Leaving out pictures, output exactly the lines below from the one that has "And this concludes" through the one that has "As the city", and nothing else.

### Information supplied:
- - - - -
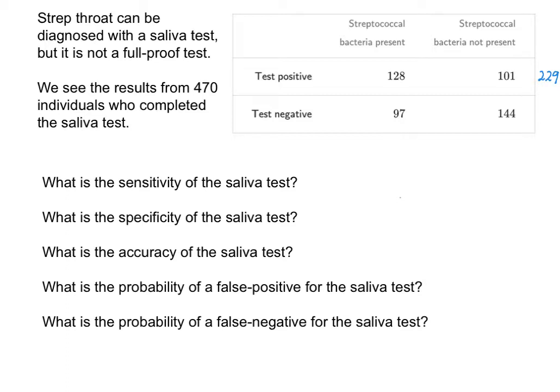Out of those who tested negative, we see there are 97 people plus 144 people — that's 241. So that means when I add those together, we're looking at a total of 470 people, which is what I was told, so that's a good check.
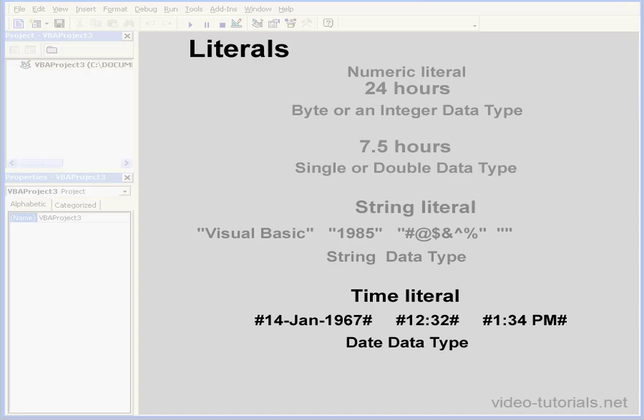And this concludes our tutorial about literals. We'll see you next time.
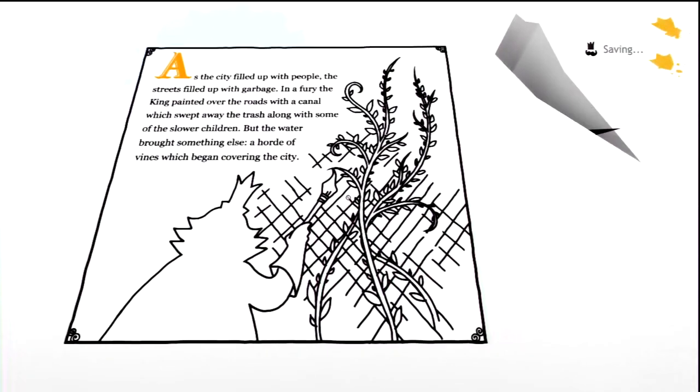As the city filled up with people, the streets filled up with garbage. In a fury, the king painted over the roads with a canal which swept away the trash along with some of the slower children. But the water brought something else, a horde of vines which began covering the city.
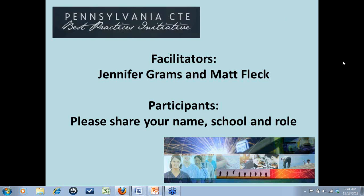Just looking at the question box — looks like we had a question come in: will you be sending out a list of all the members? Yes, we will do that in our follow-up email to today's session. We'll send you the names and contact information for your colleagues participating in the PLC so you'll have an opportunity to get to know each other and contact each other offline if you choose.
- - - - -
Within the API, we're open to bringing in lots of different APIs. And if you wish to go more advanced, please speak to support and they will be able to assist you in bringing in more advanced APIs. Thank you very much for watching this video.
- - - - -
### Answer below:
And this concludes our tutorial about literals. We'll see you next time.
As the city filled up with people, the streets filled up with garbage. In a fury, the king painted over the roads with a canal which swept away the trash along with some of the slower children. But the water brought something else, a horde of vines which began covering the city.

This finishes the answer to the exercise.